● **REQUIRED ACTION**
Find the line below with "Thank You Bags". Print it and every line after it exactly, through the last line, leaving out the pictures.

● **COLLECTED DATA**
· · · · · · ·
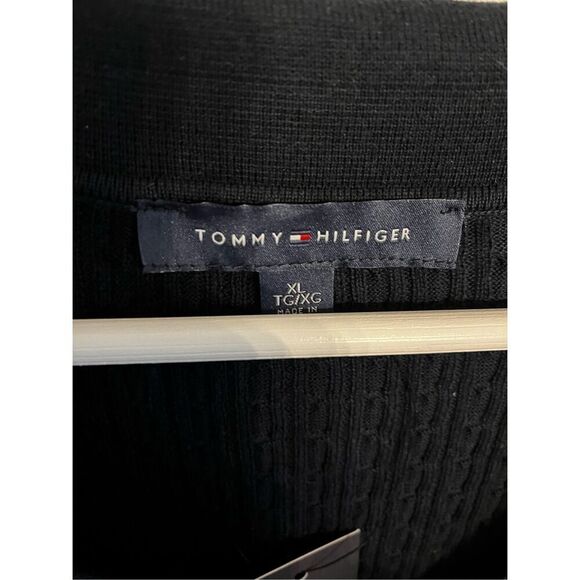 Tommy Hilfiger Navy Nautical Johnny Collar Fine Cable Knit Sweater sz XL NWT - Picture 4 of 6
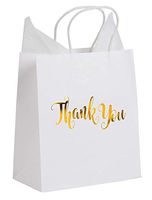 Thank You Bags - 15-Pack Small White Paper Gift Bags with Shiny Gold Foil, 8 x 4 x 8.8 Inches, Includes 20 Sheets Tissue Wrapping Paper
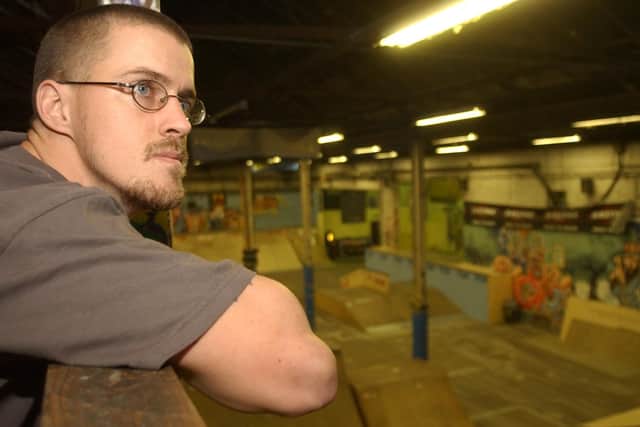 Lee Horspool surveying in 2008 the orginal Y2SK8 at the Fletton Skatepark.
· · · · · · ·
● **RESPONSE**
 Thank You Bags - 15-Pack Small White Paper Gift Bags with Shiny Gold Foil, 8 x 4 x 8.8 Inches, Includes 20 Sheets Tissue Wrapping Paper
 Lee Horspool surveying in 2008 the orginal Y2SK8 at the Fletton Skatepark.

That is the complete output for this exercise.